Il faut dire que pour Valérie Poirier les choses ont été vite: elle publie Quand la vie bégaie en 2009 – quinze ans après la première version –, et la pièce est montée la même année au Galpon; elle termine Les Bouches
en 2004, présentées en 2006 – pièce qui revisite les lieux de
l’enfance, le canton de Neuchâtel, où la jeune femme d’origine
franco-algérienne a grandi; et Loin du bal n’a été terminée qu’en 2007.
Mais si ces succès soudains la ravissent, ils ne l’éblouissent pas:
«Vous savez, la Suisse romande est petite. Difficile ici de travailler
dans la durée sans sortir des frontières.
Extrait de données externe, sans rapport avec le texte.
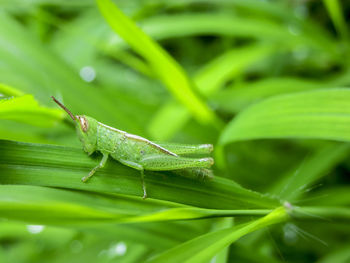 Baby grasshopper on green grass having lunch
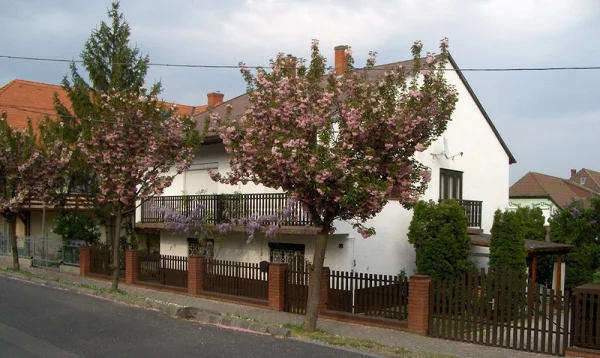 Hévíz apartman kiadó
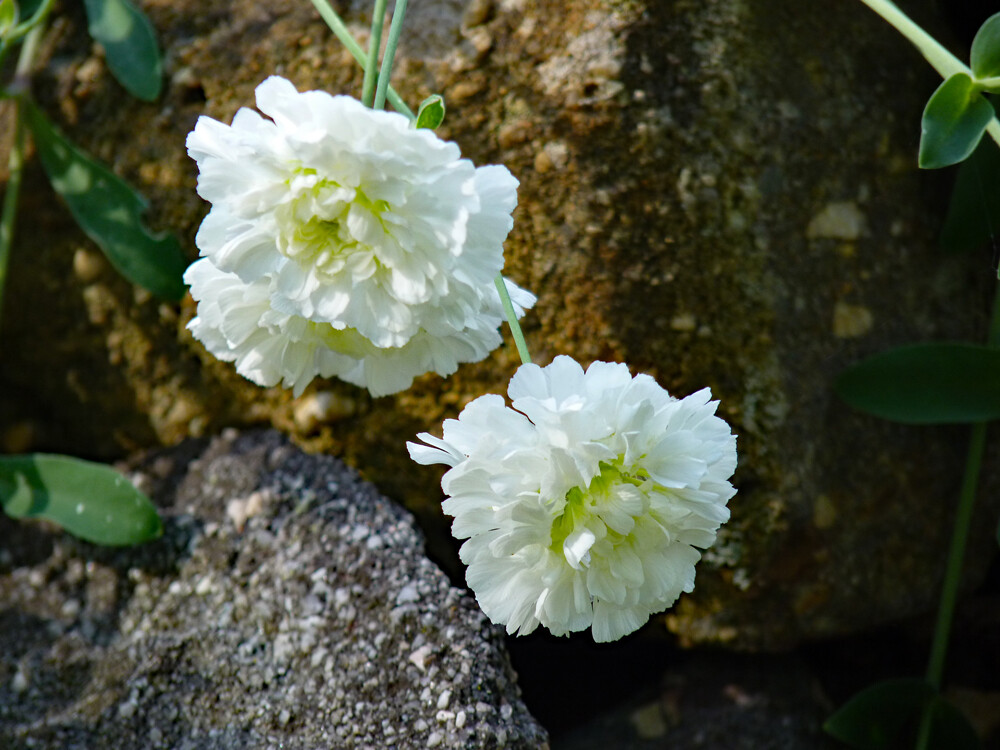 Silene uniflora  &#39;Robin Whitebreast&#39;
Combien d’auteurs ont vu
leurs pièces jouées plusieurs fois?» Elle évoque le travail de
passerelle que tentent les Écrivains associés de théâtre
avec leurs collègues francophones et salue le travail de l’éditeur
Bernard Campiche, qui a entrepris de publier les textes de dramaturges
romands dans sa collection Théâtre en camPoche – où quatre des sept textes de Valérie Poirier sont sortis au début de cette semaine.
Les ratés de l’âge
Pour l’heure, Valérie Poirier a mis des pingouins sur la scène du Poche. Ils planent sur Loin du bal
comme une ombre douce et angoissante, évoquant cette grande glaciation
où s’enfonce l’existence quand elle s’achève. Dans cet EMS du
Gros-de-Vaud où le dimanche est jour de papet, la vie tourne au
ralenti. Jusqu’à l’arrivée d’un prétendu fils, qui cherche un père: ce
sera Hector, ancien rocker plus muré que d’autres dans son passé. Grâce
à cette relation inespérée, les pulsions de vie reviennent à l’EMS, la
sexualité et la violence aussi. Valérie Poirier aurait pu faire
entendre le troisième âge fringant aimé des publicitaires ou développer
un discours sur le quatrième. Elle a fait mieux en osant donner la
parole à une période taboue et caricaturée. D’une plume audacieuse et
agile, elle crée des personnages aux prises avec les ratés de l’âge (il
faut entendre la litanie des douleurs, «poème» improbable dit
magnifiquement par Jane Friedrich). Dans la fleur de l’âge, la
dramaturge et metteure en scène s’émeut pour celui qui est encore loin,
le quatrième. «C’est une façon de l’apprivoiser, clairement.» En plein
succès, elle s’intéresse aussi au ratage professionnel avec Quand la vie bégaie, qui esquisse les espoirs et désillusions de deux artistes de cabarets vieillissants.
Marginalité
C’est pour elle une façon d’enrichir le répertoire. Avec Les Bouches,
elle se réjouissait d’y ajouter quelques rôles féminins. «Entre
quarante et quatre-vingts ans, on n’est pas très représentés, surtout
les femmes. Je n’ai pas de position militante mais, à partir d’un
certain âge, les gens ont simplement plus d’épaisseur.» Écrire pour les
jeunes l’intéresse moins, même si elle aime travailler avec eux: «Je
n’ai plus envie de me pencher sur les préoccupations de cette période,
que j’aie eue aussi, bien sûr – trouver un amoureux, réussir
socialement. À vrai dire, il faut penser autrement qu’en termes d’âges
car, comme pour la vieillesse, on catégorise vite. J’aime les
personnages un peu décalés, malmenés par la vie.» Et marginaux, comme
le sont ceux du grand âge. Avec Loin du bal, elle a eu envie de
réunir des comédiens qui marquent la scène depuis longtemps déjà. «Pour
un comédien, le vieillissement n’est pas simple. Avec l’âge, les
facultés s’émoussent et notamment la mémoire, cet outil clé.» C’est
chose faite et bien faite: sur la scène du Poche, une palette de beaux
comédiens romands âgés est réunie (Erika Denzler, Monique Mani,
Jean-Charles Fontana, Maurice Aufair), et la notion d’«épaisseur»,
artistique ici, prend tout son sens. Cet après-midi, elle reçoit
chez elle car elle est de service garderie. Dans son appartement tout
simple, elle prépare le thé, accueillante. Sans élever la voix,
tranquille et ferme, elle assure le calme – avec l’aide d’un autre
Pingu, il est vrai, plus débonnaire, celui-là, que ceux de Loin du bal.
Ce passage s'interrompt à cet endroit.